Na Ucrânia, desde o primeiro dia da invasão, drones comerciais e militares pulverizaram doutrinas rígidas e ultrapassadas, obrigando os comandantes a repensar tudo – da logística à estratégia de combate. No Donbass, vigiar e atacar é, hoje, a definição mais crua de poder. E Portugal? Continuaremos a assistir de braços cruzados? Não nos enganemos: os drones não são apenas o futuro da guerra, mas já constituem a espinha dorsal da segurança quotidiana.

Na Dinamarca, aeroportos como Aalborg e Copenhaga foram forçados a encerrar devido à intrusão de drones não autorizados sobre infraestruturas críticas – ataques híbridos que interrompem a vida normal, causam prejuízos económicos avultados e espalham medo, exigindo contramedidas imediatas.

Não é apenas um problema da Dinamarca. É um alarme ensurdecedor para Portugal. Quantas das nossas infraestruturas críticas, aeroportos, portos, centrais elétricas ou até as bases militares estão realmente preparados para enfrentar esta nova ameaça?

Em território nacional, as forças de segurança e a proteção civil já recorrem esporadicamente a veículos não tripulados – aéreos (UAVs), terrestres (UGVs) e marítimos (USVs) – para salvar vidas, monitorizar incêndios e patrulhar áreas sensíveis. Mas usar tecnologia alheia é uma coisa; dominá-la e desenvolvê-la é outra. E aqui Portugal tem um trunfo que não pode ser desperdiçado.

A Tekever, referência mundial, com drones como o AR3 e o AR5 – usados até na Ucrânia – exporta 99,9% da produção e duplicou receitas em 2024. A Beyond Vision, fornecedora de sistemas já vendidos para Itália e Ucrânia, comprova a capacidade de inovação nacional. A POST77, empresa em que o fundador da Tekever é atualmente CTO, aposta na integração de inteligência artificial para controlo de enxames de drones, soluções já no radar da NATO.

Este conjunto de empresas é a prova viva de um ecossistema industrial em ascensão, mas ainda sem apoio estratégico do Estado. Se não for protegido e potenciado, arrisca-se a definhar e a deixar Portugal na periferia desta revolução tecnológica. Onde está a visão estratégica?

O Estado, as Forças Armadas e as Forças e Serviços de Segurança têm de investir de forma séria em investigação e desenvolvimento (I&D) no setor dos drones. Não basta comprar tecnologia; é necessário criá-la.

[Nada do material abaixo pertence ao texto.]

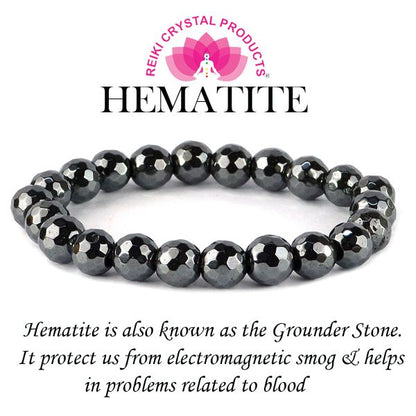 Hematite 10mm Faceted Bracelet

É urgente formar unidades especializadas em drones – aéreos, terrestres e marítimos – nas Forças Armadas, nas polícias e na proteção civil, com treino dedicado a operações híbridas, contramedidas anti-drone e integração de IA. O exercício REPMUS, liderado pela Marinha Portuguesa, já demonstrou que sabemos testar estas tecnologias com os melhores do mundo. Por que não liderar também?

Olhemos para o mar. A nossa Zona Económica Exclusiva, uma das maiores da Europa, é um ativo estratégico frágil, e é assim bem mais do que um cluster económico, exposto à pesca ilegal, ao tráfico ilícito e às ameaças híbridas, que só podem ser enfrentadas com mais eficiência com meios não tripulados em rede. Vamos continuar a importar tecnologia enquanto o talento português definha por falta de investimento?

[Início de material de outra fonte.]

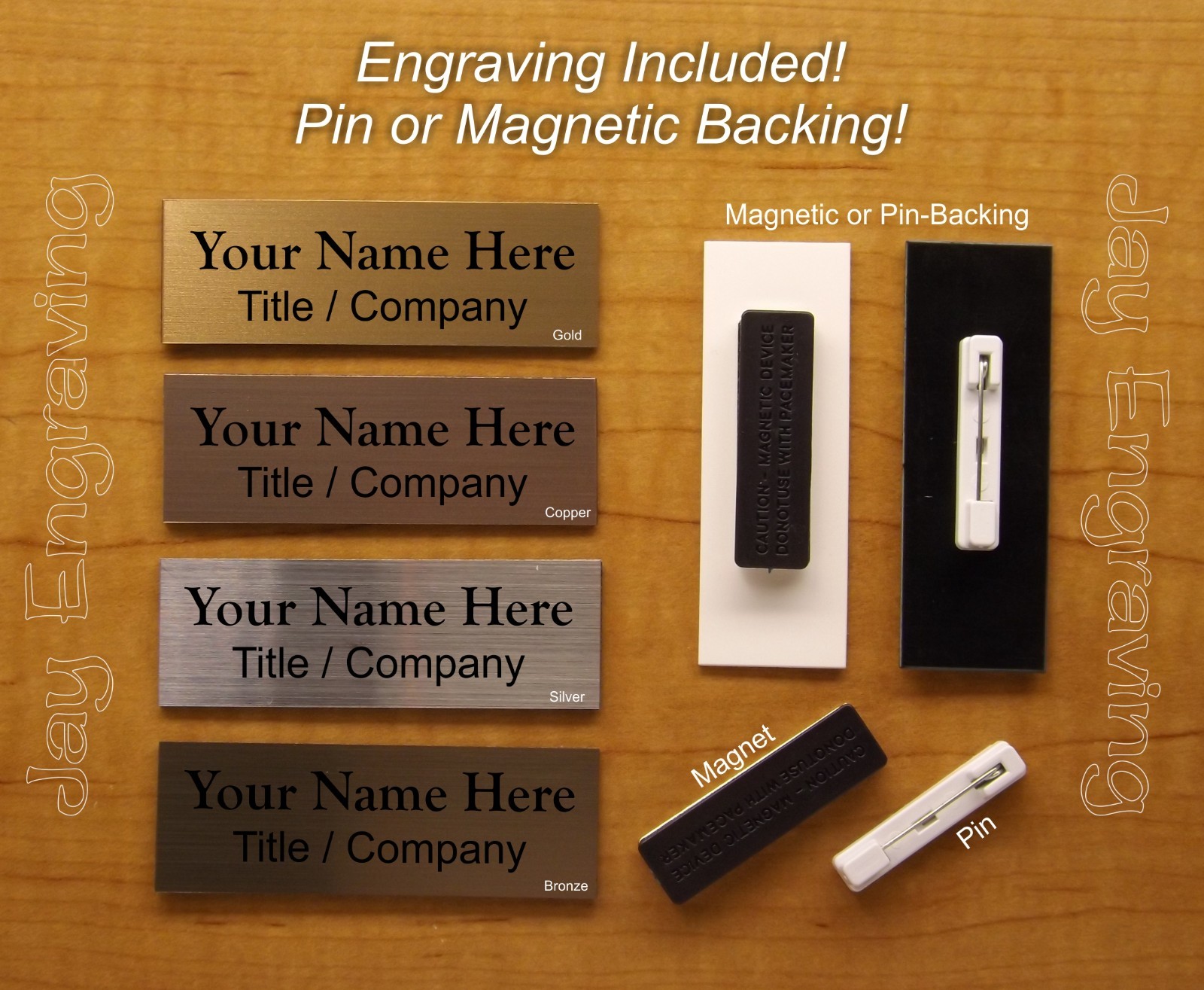 Custom Engraved Name Tag with Magnetic or Pin Clasp Gold Silver Copper or Bronze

Portugal liderou os mares no passado. Hoje, a soberania joga-se no ar, em terra e no mar, com sistemas não tripulados que redefinem o poder. Ignorar o cluster industrial emergente – Tekever, Beyond Vision, POST77, etc. – é abdicar da nossa relevância num mundo em convulsão.

Senhores decisores, a equação é simples: ou investimos em I&D e em unidades especializadas, ou ficaremos dependentes de outros. Os drones não são o futuro distante. São o presente e são a ponta do icebergue.